Some comments on terminology:
One point that might need clarification concerns purities and grades. When you are talking about measures of purity or grades you are talking about graphite. A quoted grade refers to the graphitic content in ore. When you concentrate the ore you get a concentrate grade, which is also a purity measure, but when you get to this point you need to know more about what the impurities comprise. You need to know how problematic those last few percentage points will be in terms of contamination and possible compromising deleterious elements. When you talk about graphene, it is either graphene or it isn’t. There isn’t really a grade or purity measure. An exfoliated graphene batch might have a small percentage of incompletely formed graphene, represented by micrographitic particles, which are incidental and not an impediment to the application.
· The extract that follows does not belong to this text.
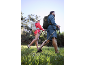 Couple with hiking backpacks and poles enjoying a Nordic walk in nature.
Graphene measure is all about quality and size. Graphene can be single layer in thickness or that thickness could extend right up to ten layers. Another parameter to consider is the size of the graphene platelets. They can be small at 3-5 microns in size (length/width), or they can be as big as 100 microns. Further, a very important measure is the level of defects. Different methods of production, and different raw material sources, will give varying defects that will affect whether it is suitable for purpose or not. Raman spectroscopy is used to measure defects.